La noticia de 41 muertes en el aterrizaje forzoso de un Superjet-100 en Moscú sorprendió a los residentes en la ciudad de Murmansk, en el norte de Rusia, hacia donde se dirigía el avión. Monumentos improvisados aparecieron en el aeropuerto local y en la calle principal.

La gente llevaba flores, velas y juguetes al mostrador de información del aeropuerto de Murmansk el lunes. Otro monumento improvisado apareció frente a un monumento en el centro de la ciudad. El gobernador interino de la región de Murmansk declaró tres días de luto por la tragedia del domingo.

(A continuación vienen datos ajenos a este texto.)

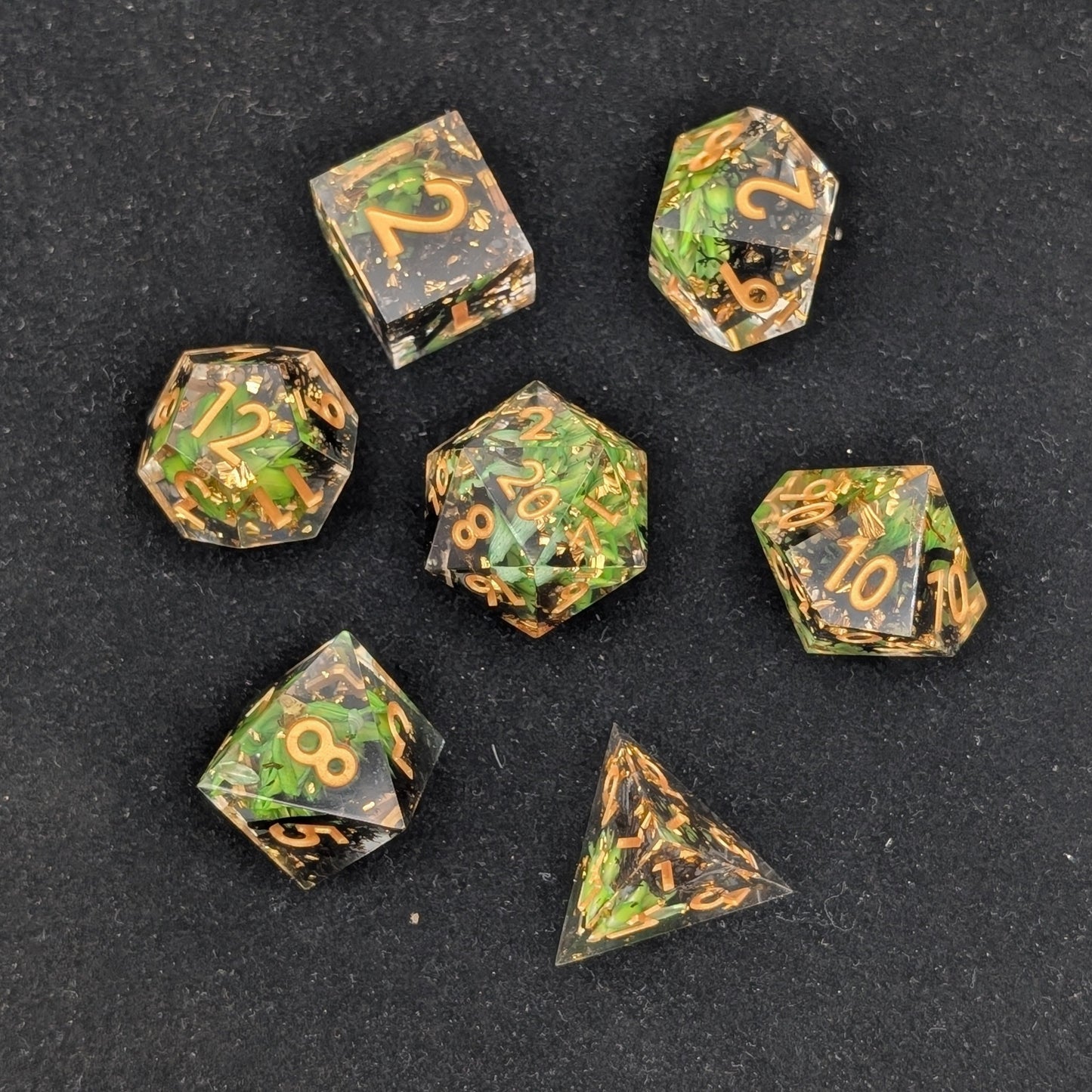 Spectral Moss 7-Piece Polyhedral Dice Set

Un Superjet-100 operado por la aerolínea insignia de Rusia, Aeroflot, informó una emergencia poco después del despegue en Moscú, y los pilotos decidieron regresar al aeropuerto de Sheremetyevo. Algo salió mal durante el aterrizaje, sin embargo.

El jet rebotó en la pista y su sección trasera se incendió. 37 personas de las 78 a bordo fueron evacuadas, pero otras 41, incluido un heroico mayordomo que se quedó detrás de ayudar a los sobrevivientes a abandonar el avión, murieron.

Los investigadores aún están trabajando para determinar la causa de la tragedia, y los primeros informes sugieren que comenzó con un rayo golpeando el avión.